## TASK GOAL
The full set of entries below should be transcribed exactly.

## EXERCISE INPUT
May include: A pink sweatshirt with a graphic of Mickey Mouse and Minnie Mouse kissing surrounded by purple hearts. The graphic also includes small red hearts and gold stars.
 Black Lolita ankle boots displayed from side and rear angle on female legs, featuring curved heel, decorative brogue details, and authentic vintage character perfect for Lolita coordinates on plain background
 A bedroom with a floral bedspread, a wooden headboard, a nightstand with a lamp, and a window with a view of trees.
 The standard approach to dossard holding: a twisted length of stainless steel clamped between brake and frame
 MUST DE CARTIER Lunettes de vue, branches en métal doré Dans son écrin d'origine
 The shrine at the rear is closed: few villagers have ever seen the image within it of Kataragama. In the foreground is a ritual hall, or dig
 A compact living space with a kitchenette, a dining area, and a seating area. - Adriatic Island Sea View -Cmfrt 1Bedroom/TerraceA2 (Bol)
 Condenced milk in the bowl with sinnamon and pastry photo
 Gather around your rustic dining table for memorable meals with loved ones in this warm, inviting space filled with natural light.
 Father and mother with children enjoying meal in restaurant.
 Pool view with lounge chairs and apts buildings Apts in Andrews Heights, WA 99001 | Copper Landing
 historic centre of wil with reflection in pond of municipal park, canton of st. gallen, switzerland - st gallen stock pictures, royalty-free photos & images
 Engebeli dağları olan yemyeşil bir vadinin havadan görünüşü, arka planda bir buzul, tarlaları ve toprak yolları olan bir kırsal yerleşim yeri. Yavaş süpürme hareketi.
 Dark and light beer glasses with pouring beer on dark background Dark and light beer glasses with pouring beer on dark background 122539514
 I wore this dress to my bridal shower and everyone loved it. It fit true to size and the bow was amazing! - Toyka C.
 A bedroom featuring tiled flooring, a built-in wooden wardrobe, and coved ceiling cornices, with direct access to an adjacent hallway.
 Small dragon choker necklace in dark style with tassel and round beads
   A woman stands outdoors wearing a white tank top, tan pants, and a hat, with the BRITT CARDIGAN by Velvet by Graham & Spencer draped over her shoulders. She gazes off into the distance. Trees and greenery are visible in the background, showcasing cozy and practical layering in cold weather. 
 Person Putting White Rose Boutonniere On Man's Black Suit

## TASK SOLUTION
May include: A pink sweatshirt with a graphic of Mickey Mouse and Minnie Mouse kissing surrounded by purple hearts. The graphic also includes small red hearts and gold stars.
 Black Lolita ankle boots displayed from side and rear angle on female legs, featuring curved heel, decorative brogue details, and authentic vintage character perfect for Lolita coordinates on plain background
 A bedroom with a floral bedspread, a wooden headboard, a nightstand with a lamp, and a window with a view of trees.
 The standard approach to dossard holding: a twisted length of stainless steel clamped between brake and frame
 MUST DE CARTIER Lunettes de vue, branches en métal doré Dans son écrin d'origine
 The shrine at the rear is closed: few villagers have ever seen the image within it of Kataragama. In the foreground is a ritual hall, or dig
 A compact living space with a kitchenette, a dining area, and a seating area. - Adriatic Island Sea View -Cmfrt 1Bedroom/TerraceA2 (Bol)
 Condenced milk in the bowl with sinnamon and pastry photo
 Gather around your rustic dining table for memorable meals with loved ones in this warm, inviting space filled with natural light.
 Father and mother with children enjoying meal in restaurant.
 Pool view with lounge chairs and apts buildings Apts in Andrews Heights, WA 99001 | Copper Landing
 historic centre of wil with reflection in pond of municipal park, canton of st. gallen, switzerland - st gallen stock pictures, royalty-free photos & images
 Engebeli dağları olan yemyeşil bir vadinin havadan görünüşü, arka planda bir buzul, tarlaları ve toprak yolları olan bir kırsal yerleşim yeri. Yavaş süpürme hareketi.
 Dark and light beer glasses with pouring beer on dark background Dark and light beer glasses with pouring beer on dark background 122539514
 I wore this dress to my bridal shower and everyone loved it. It fit true to size and the bow was amazing! - Toyka C.
 A bedroom featuring tiled flooring, a built-in wooden wardrobe, and coved ceiling cornices, with direct access to an adjacent hallway.
 Small dragon choker necklace in dark style with tassel and round beads
   A woman stands outdoors wearing a white tank top, tan pants, and a hat, with the BRITT CARDIGAN by Velvet by Graham & Spencer draped over her shoulders. She gazes off into the distance. Trees and greenery are visible in the background, showcasing cozy and practical layering in cold weather. 
 Person Putting White Rose Boutonniere On Man's Black Suit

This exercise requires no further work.